А речь пойдет о том поколении, ради которого они остались там навсегда, навечно! Дети войны, я отношу себя к их числу. Для меня война тогда, только в тех словах, которые я повторяла:
« Я буду санитаркой,
А печка - лазарет,
Бойцам на печке жарко,
Но лучше места нет»
Так научили меня братья- школьники, только к концу войны мне было 7 лет и день Победы, конечно, прекрасно помню.
Война, враги, немцы вошло в моё сознание после одного эпизода. Брат взял меня в школу с собой на представление. Ученики играли пьесу на военную тему. Мой брат Николай играл роль партизанского разведчика.
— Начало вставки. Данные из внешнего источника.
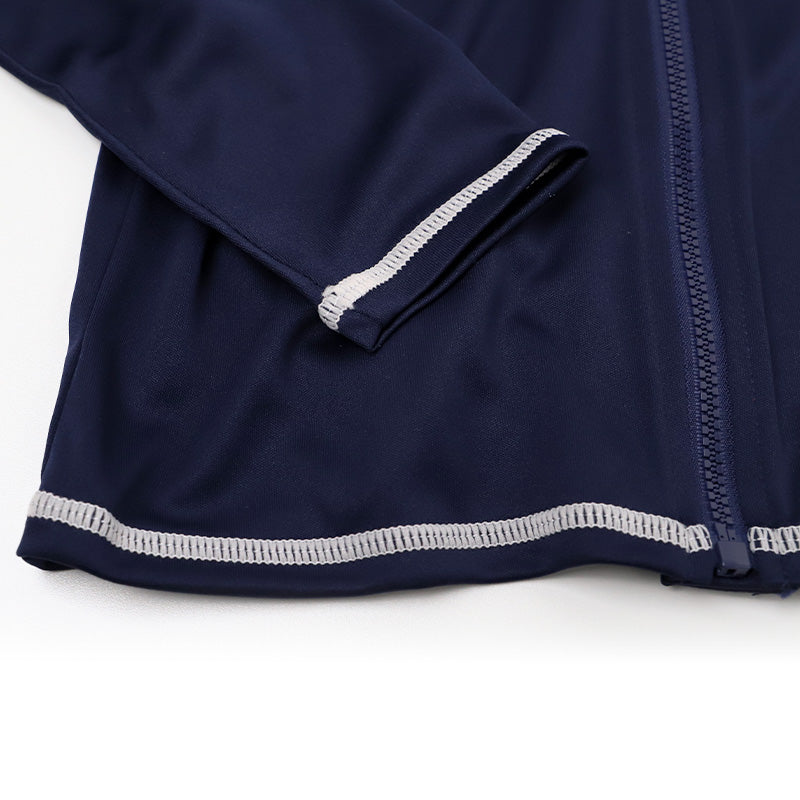 ラッシュガード スクール水着 女の子 CECIL McBEE セシルマクビー キッズ ジュニア ガールズ フライス UVカット UPF50+ 紫外線対策 のびるゼッケン付き 学校用 プール 水泳授業 140cm～160cm スイムウェア ブラック ネイビー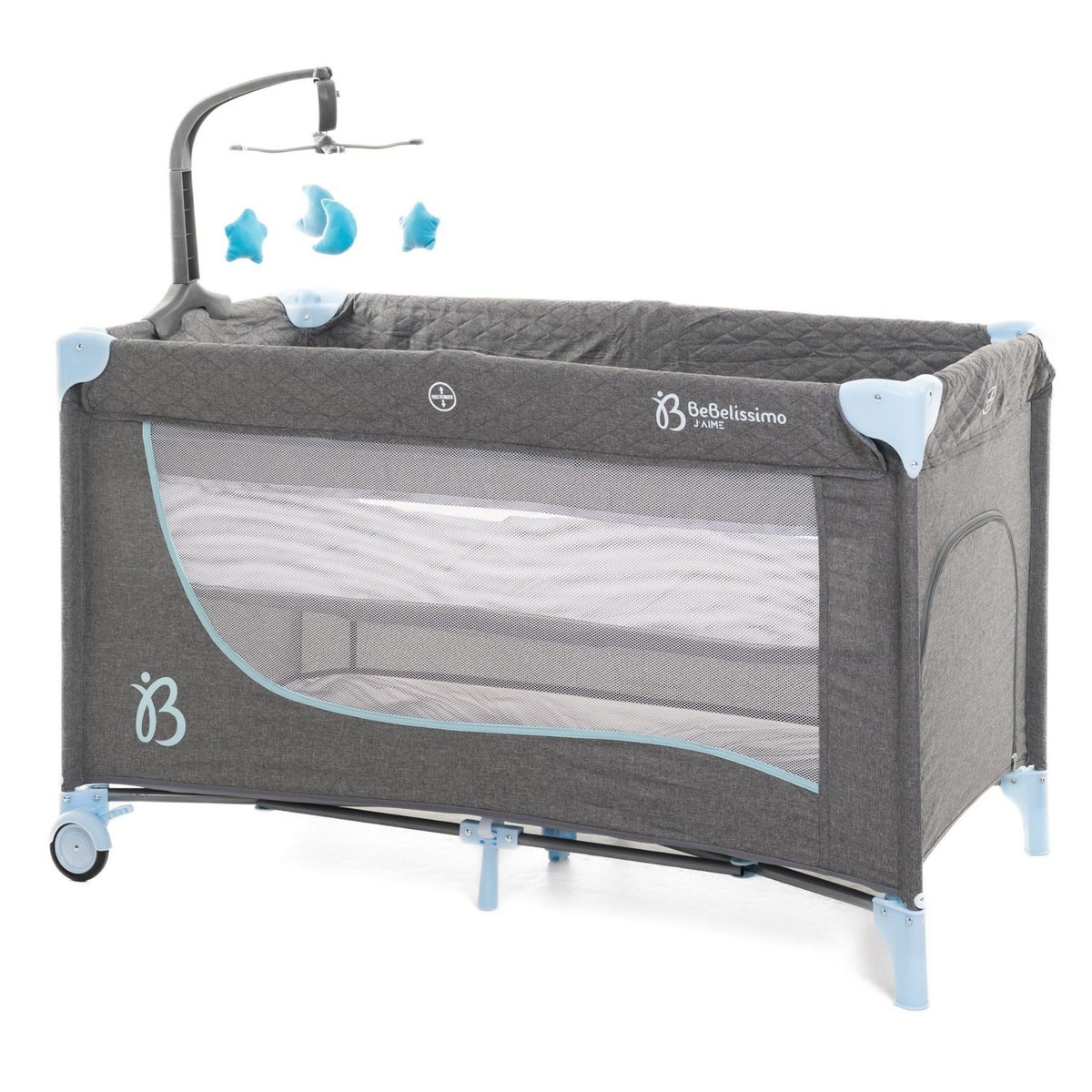 BEBELISSIMO BEBELISSIMO - Lit parapluie bébé - berceau bébé - dès la naissance - Nuit - lit pliant - 2 niveaux - bleu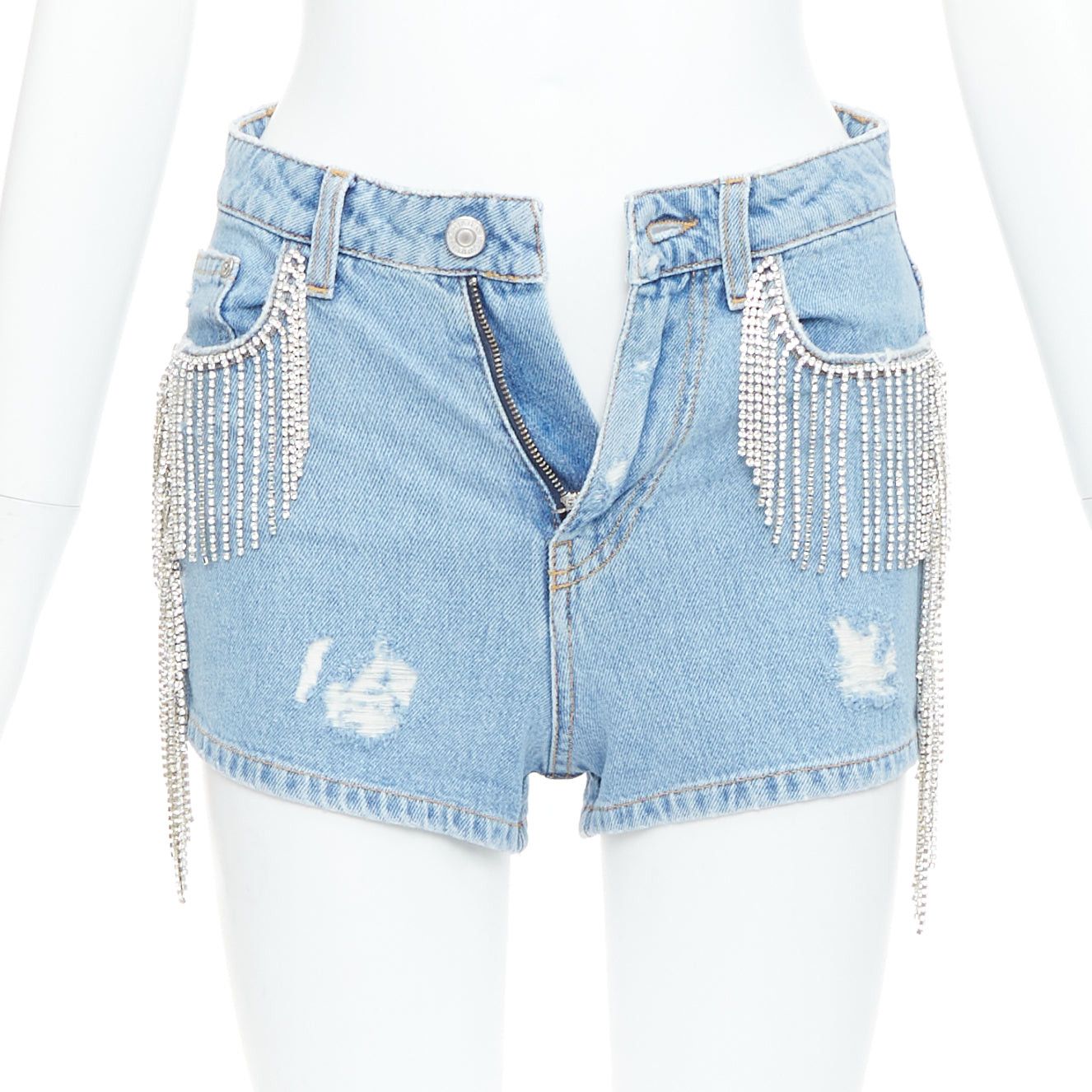 Chiara Ferragni CHIARA FERRAGNI blue crystal fringe distressed denim short shorts XS Size 27" / US 4 / IT 40 - 3 Thumbnail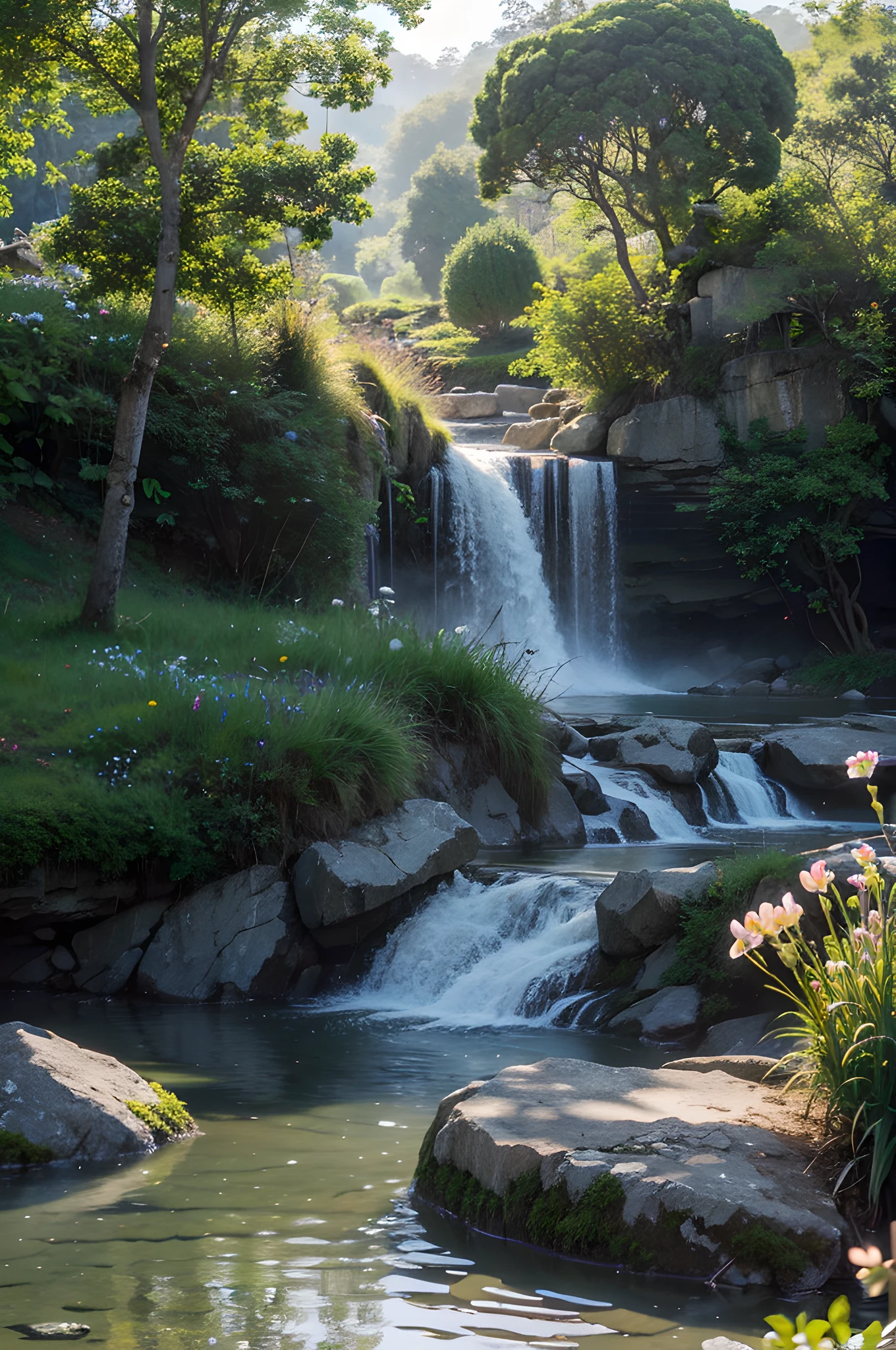 (extremely detailed CG unity 8k wallpaper),(((masterpiece))), (((best quality))), ((ultra-detailed)), (best illustration),(very clean), ((an extremely delicate and beautiful)),fairyland,dynamic ,sea of flowers,beautiful detailed garden,wind,classic,spring, (detailed light),feather, nature, (sunlight), river, forest,(((floating palace))),((the best building)),beautiful and delicate water,(painting),(sketch),(bloom),(shine),waterfall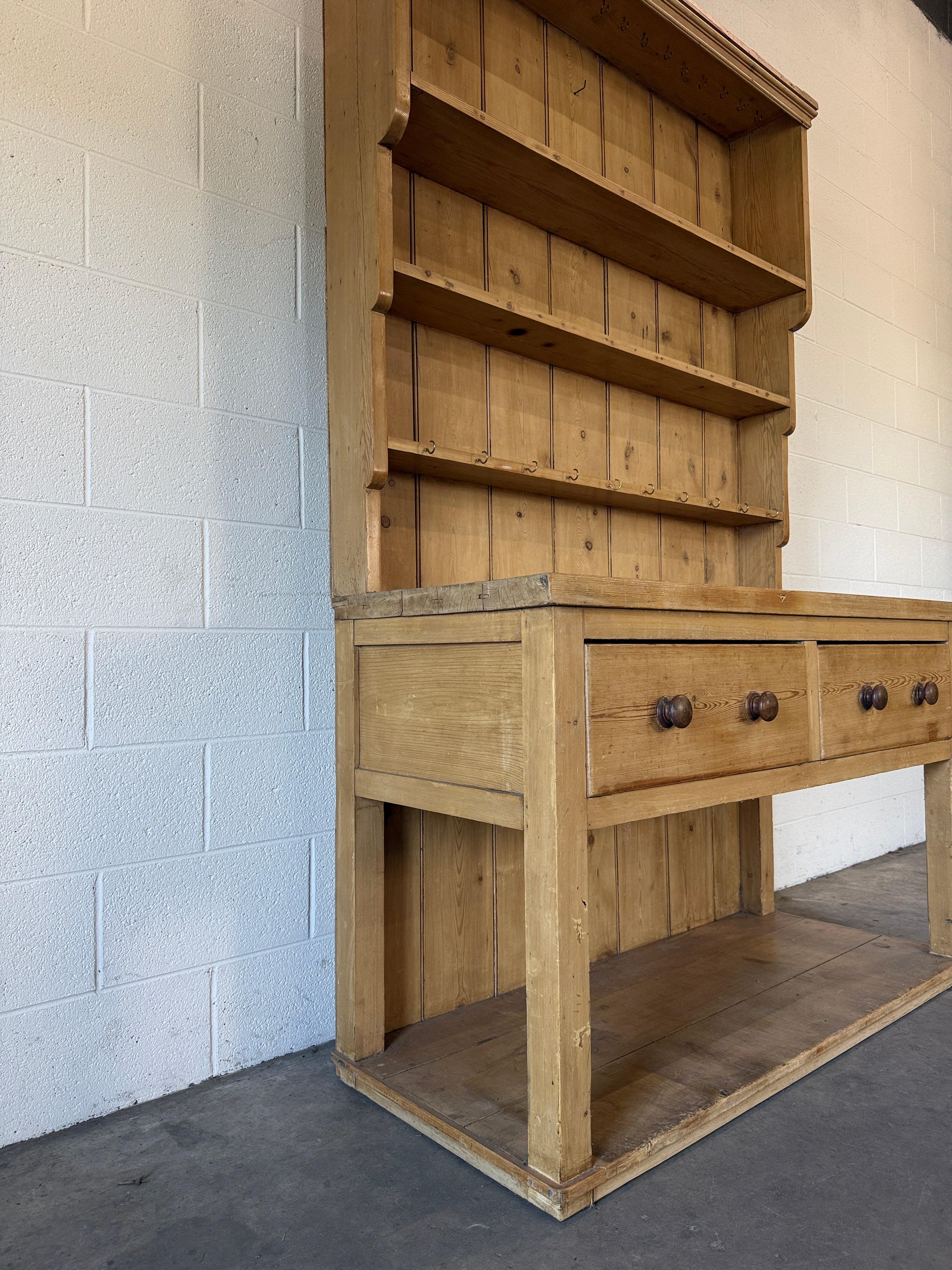 Antique pine kitchen dresser (English) with potboard base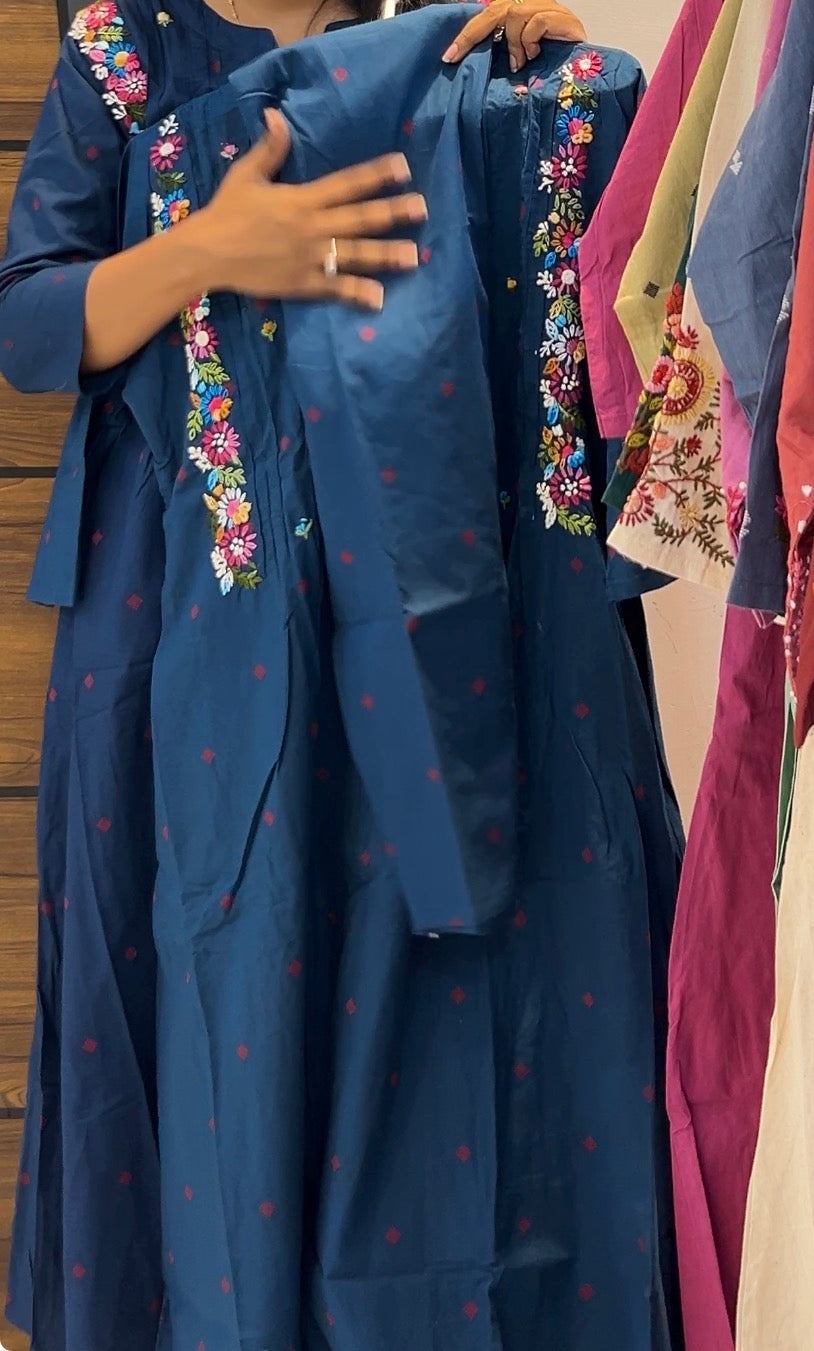 Pure Handloom Cotton Embroidered Two-Piece Kurta Set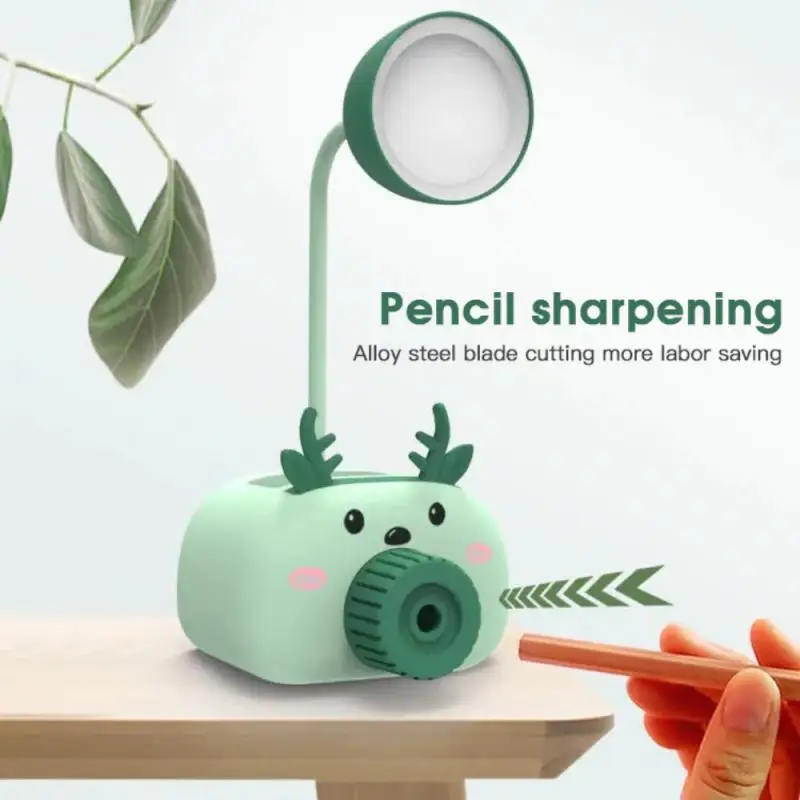 

Cartoon Piggy Pen Holder Pencil Sharpener Mini Table Lamp USB Charger LED Light Child Student Eye Protection Lamp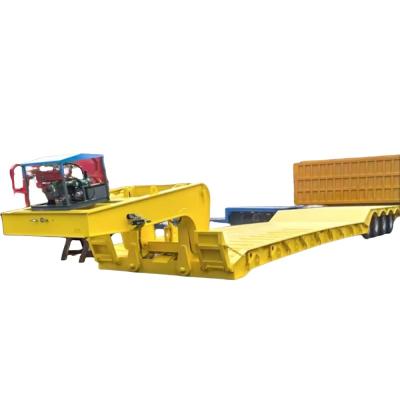 3 Axle 80ton Detachable Gooseneck Lowbed Semi Trailer Heavy Duty Lowboy Trailer For Ghana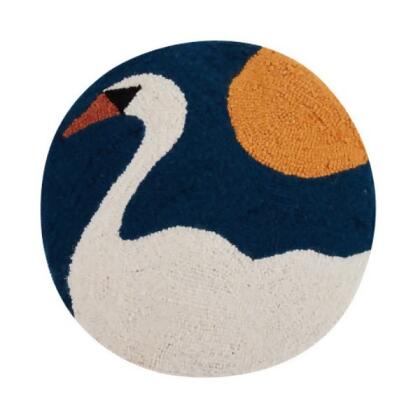 Peking Handicraft 30JBL67C16RD 16 in. Night Swan Polyester Filler Round Hook Pillow 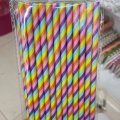 Colorful Colored Rainbow Striped Paper Straws 500pcs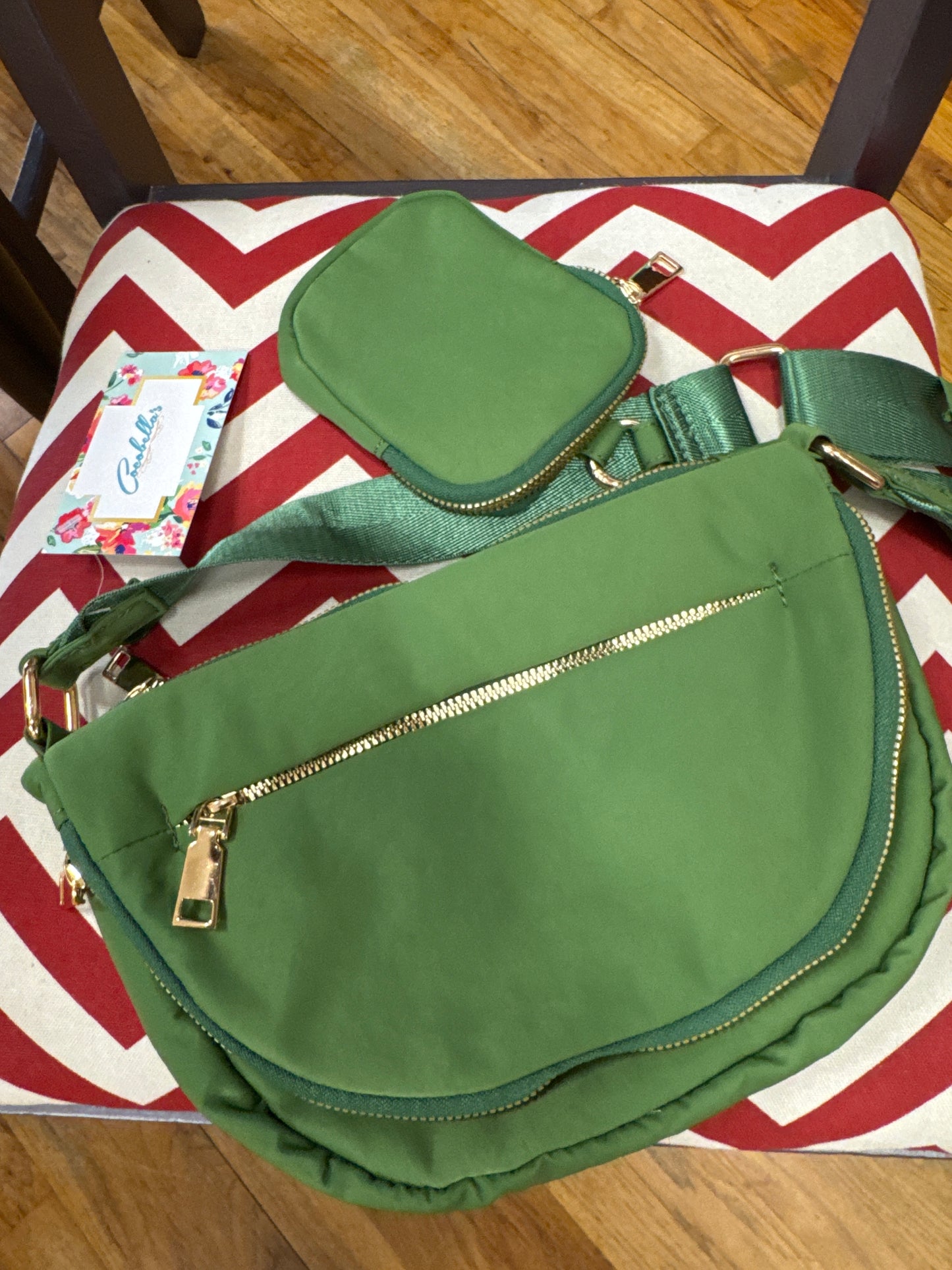 NYLON FOLD OVER FLAP PURSE-GREEN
Его схватили немцы, пытали, отрезали ему язык. Он выплюнул «отрезанный язык». Как меня это поразило! Шли домой. Я старалась увидеть его язык. И только дома убедилась, что он у него на месте, когда взобралась к нему на колени и раздвинула губы. «Но ты, же выплюнул язык!» «Да я льдинку выплюнул». Я это хорошо помню, да и брат мне об этом иногда напоминает. Наверное, это сила искусства или конкретное детское мышление: что вижу, тому и верю.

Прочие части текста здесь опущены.